On 19 March, the Litigation Funding Agreements (Enforceability) Bill was introduced to Parliament, following on from the government's announcement on 4 March that it would introduce legislation to reverse the effect of the high profile decision in Paccar last July. In that case, as is well known, the Supreme Court held that litigation funding agreements that provide for the funder to receive a share of damages are Damages-Based Agreements (or DBAs) and are therefore unenforceable unless they comply with the restrictive regulatory regime that applies to such agreements.
The new Bill is very short. It amends s.58AA of the Courts and Legal Services Act, ie the legislation which defines a DBA and which the Supreme Court interpreted in Paccar. The amendment provides that an agreement is not a DBA if and to the extent that it is a "litigation funding agreement", which is in turn defined (in effect) as an agreement where a funder funds a litigant's legal fees or the payment of an adverse costs order in return for some form of payment to the funder. The amendment is to have retrospective effect, so it would remove existing litigation funding agreements from the definition of a DBA – thus rendering academic the question of whether particular forms of funding agreement are or are not DBAs and therefore unenforceable, a point on which there are various appeals currently pending following decisions of the Competition Appeal Tribunal (see for example this blog post).
The wholesale reversal of Paccar also renders unnecessary the government's previous amendment to the Digital Markets, Competition and Consumers Bill aimed at mitigating the impact of Paccar in opt-out collective proceedings in the CAT, where DBAs are prohibited (see our blog post here). That legislation has now been further amended to omit the provision that had been added for that purpose.

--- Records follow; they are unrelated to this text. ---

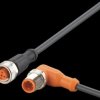 Sensor actuator cable, M12 cable plug, angled, A to M12 cable socket, straight, A, 5 pole/3 pole, 0.3 m, PUR, black, 4 A, EVC675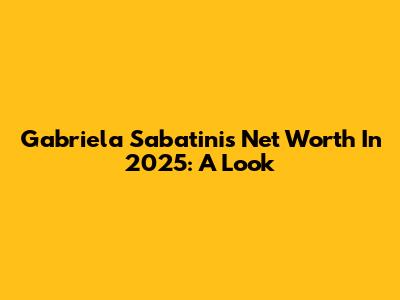 Gabriela Sabatini's Net Worth In 2025: A Look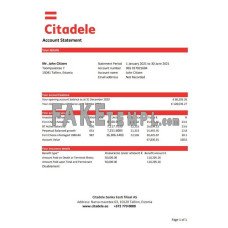 Estonia Citadele banka Eesti filiaal AS fake bank statement Excel and PDF template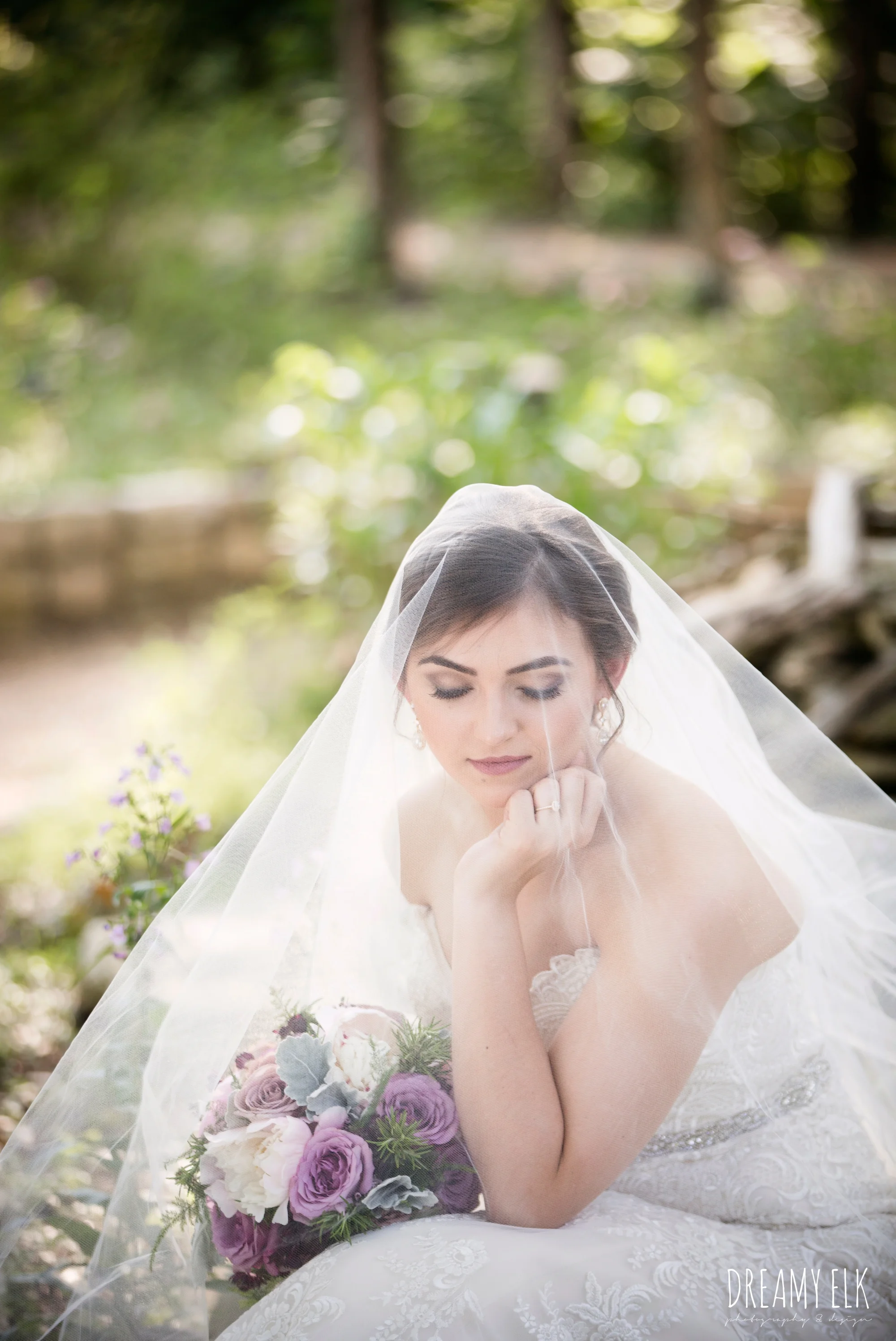 outdoor bridal photo, lace fit and flare sweetheart wedding dress, purple wedding bouquet, long veil, wedding hair up, zilker botanical gardens, austin, texas {dreamy elk photography and design}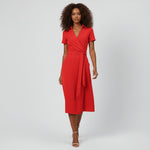 Sophie Wrap Midi Dress with V-Neck and Tie Waist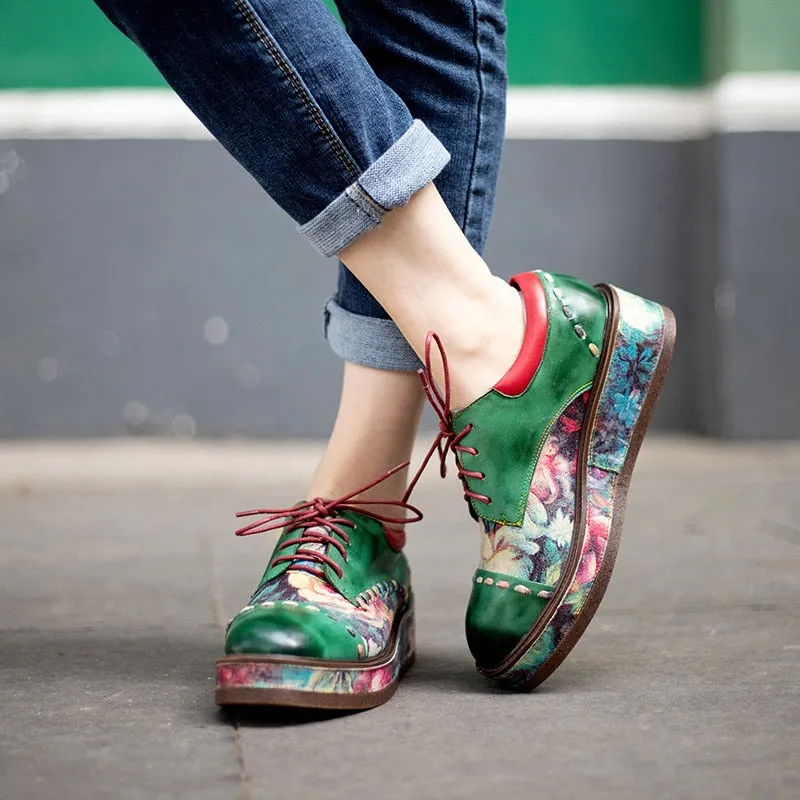 Timeless Elegance: Women's Green Leather Loafers, Genuine Sheepskin, British Lace-Up Design, Comfort and Style Combined
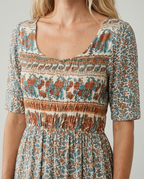 Detailed view of orange Womens Boho Floral Print Maxi Dress by BELLA HUDSON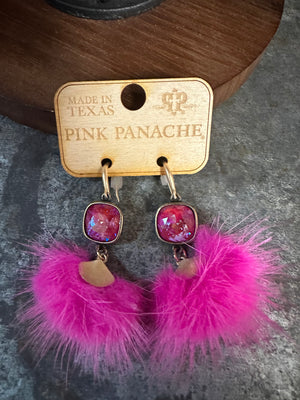 Pink Panache Earrings- "Puffy Rhinestone Dangle" Hot Pink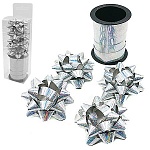 Набор для упаковки подарков: бант звезда 6см 4шт + лента 10м голография, серебро, пластиковая упаковка, европодвес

The other aspect of the government's announcement on 4 March, which could ultimately represent the longer term fallout from the Paccar decision, was that it was considering options for a wider review of the litigation funding sector. It is now clear from the House of Lords debate on 11 March that the Justice Minister has written to the Civil Justice Council inviting it to undertake that review, which would aim "to ensure that claimants can get the best deal", and that the review will expressly consider the need for further regulation or safeguards.